H. Dean Steward, Directing Atty., Federal Public Defender, Santa Ana, Cal., for defendant-appellant.

Yvette M. Palazuelos, Asst. U.S. Atty., Los Angeles, Cal., for plaintiff-appellee.

Appeal from the United States District Court for the Central District of California.

Before CANBY, KOZINSKI and FERNANDEZ, Circuit Judges.

FERNANDEZ, Circuit Judge:


Taofig Olabiyi Blaize (Blaize) was indicted for and pled guilty to the use of a false passport. 18 U.S.C. § 1542. At sentencing the district court added two points to his Guideline score upon a finding that Blaize had previously been deported. Blaize appeals. We affirm.

BACKGROUND

There is no serious dispute about the historical facts which define this case. In May of 1991, Blaize was arrested at Los Angeles International Airport when he entered the United States using a false passport. He was indicted for and pled guilty to a violation of 18 U.S.C. § 1542.

In May of 1989, Blaize was ordered deported from the United States. He appealed that order to the Board of Immigration Appeals (BIA) and never expressly withdrew the appeal. However, he did voluntarily leave the United States after the appeal from the deportation order had been filed.

Under U.S.S.G. § 2L2.4(b) (1), a defendant who violates 18 U.S.C. § 1542 has his Guideline score increased by two levels, " [i]f the defendant is an unlawful alien who has been deported (voluntarily or involuntarily) on one or more occasions prior to the instant offense...."

The district court found that the concatenation of the deportation order and the voluntary departure resulted in a deportation.

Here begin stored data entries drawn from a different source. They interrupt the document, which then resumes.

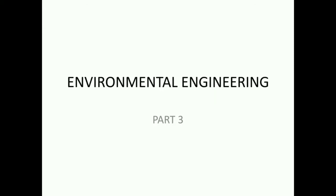Hello everyone, welcome to Civil Engineering Classes YouTube Channel. Welcome to Environmental Engineering. I have already covered the previous questions in two videos, covering 60 questions. I will start this video with 30 questions.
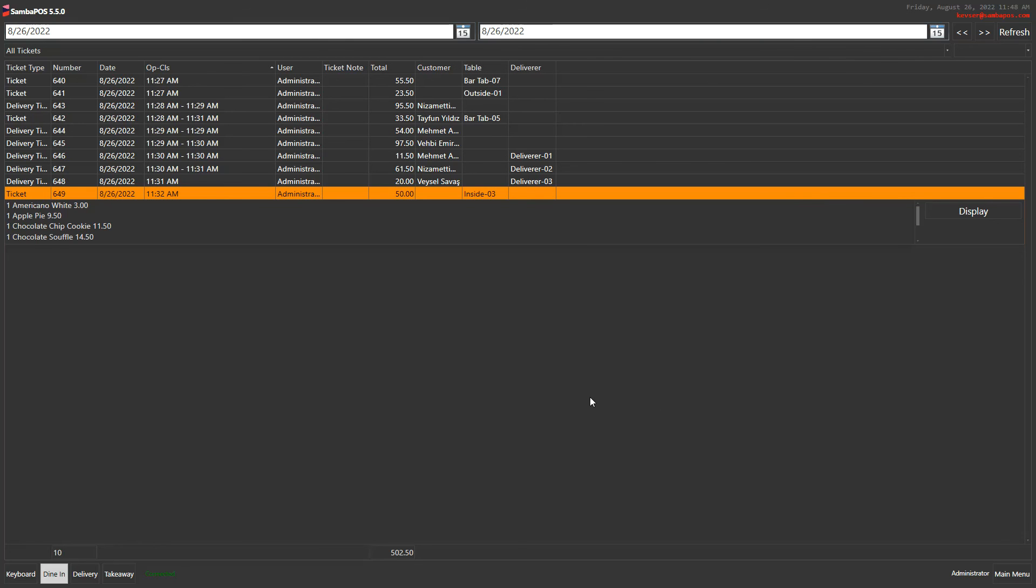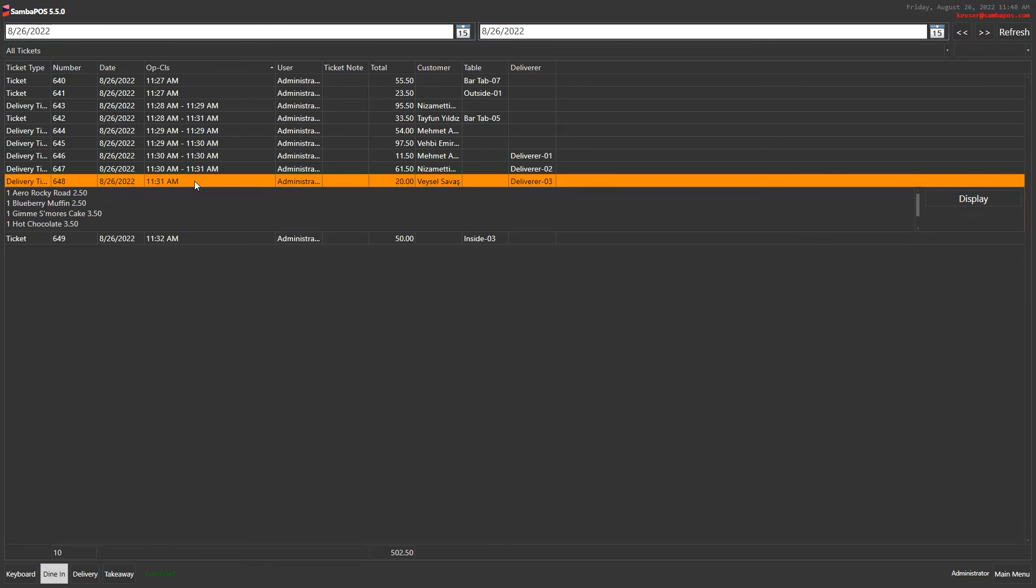And lastly, one of the most usable features here is to quickly preview the ticket and go back into the ticket. Let's click on a ticket and click on display.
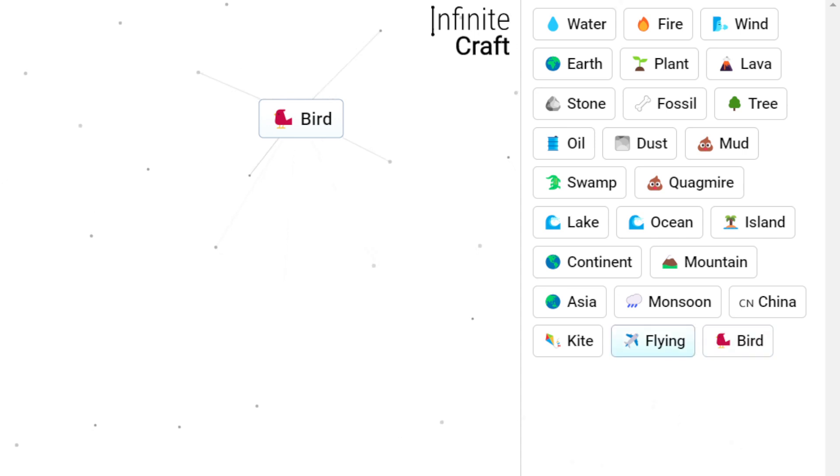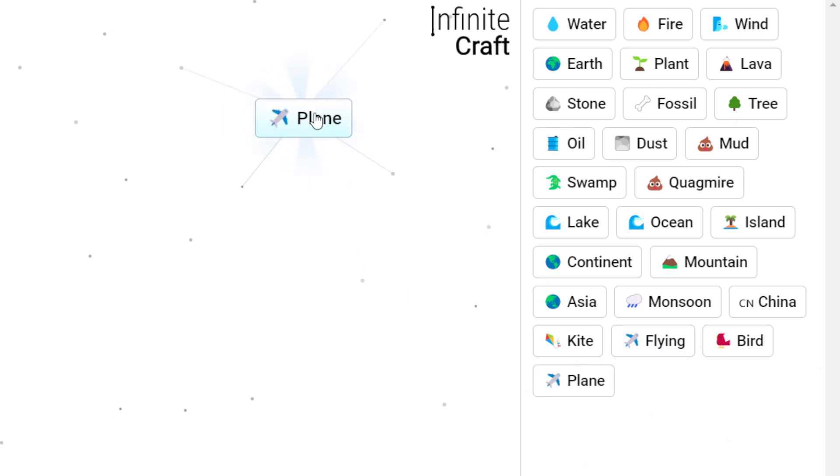Now you just need to combine bird with flying to make rain. Hope you like it!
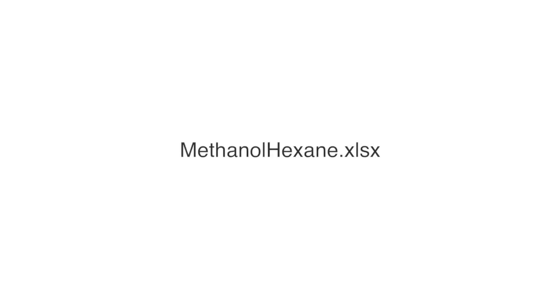Hello everyone. Based on questions I heard in the small group discussions this week, I decided to make a video describing in more detail the Excel file I posted on Canvas used in the last part of episode C5 to calculate the Tx diagram for methanol-hexane mixtures, aka the Pikachu diagram.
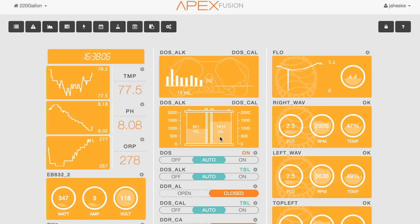We're going to jump into my Apex dashboard and make some adjustments with my doser and how I'm adding the two-part elements to my tank. We're going to take my calcium and alkalinity dosing and essentially shut off the calcium doser. Typically I dose calcium during the day and alkalinity at night, but I'm going to change that to just completely dosing a small amount of alkalinity over the course of a day.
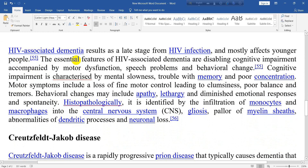HIV-associated dementia results as a late stage from HIV infection and mostly affects younger people. The essential features of HIV-associated dementia are disabling cognitive impairment accompanied by motor dysfunction, speech problems, and behavioral change. Cognitive impairment is characterized by mental slowness, trouble with memory, and poor concentration. Motor symptoms include a loss of fine motor control leading to clumsiness, poor balance, and tremors. Behavioral changes may include apathy, lethargy, and diminished emotional responses and spontaneity.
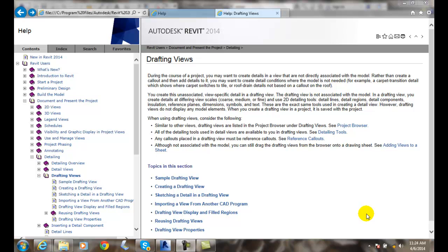Creating drafted details. When we're creating drafting details or drafting views, we are creating a detail that's not associated to the building model.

Thus, the court added two points to Blaize's Guideline score and he appealed.

JURISDICTION AND STANDARD OF REVIEW

The district court had jurisdiction pursuant to 18 U.S.C. § 3231. We have jurisdiction pursuant to 18 U.S.C. § 3742.

Factual findings made by the district court are reviewed for clear error. United States v. Wilson, 900 F.2d 1350, 1355 (9th Cir. 1990). "We review the district court's interpretation of the Sentencing Guidelines de novo." United States v. Caterino, 957 F.2d 681, 683 (9th Cir. 1992).

DISCUSSION

This case presents a single straightforward issue: If a person who is under a deportation order from which he has appealed voluntarily leaves the United States, has he been deported? We answer this question "yes" based on statutes, regulations, and case authority.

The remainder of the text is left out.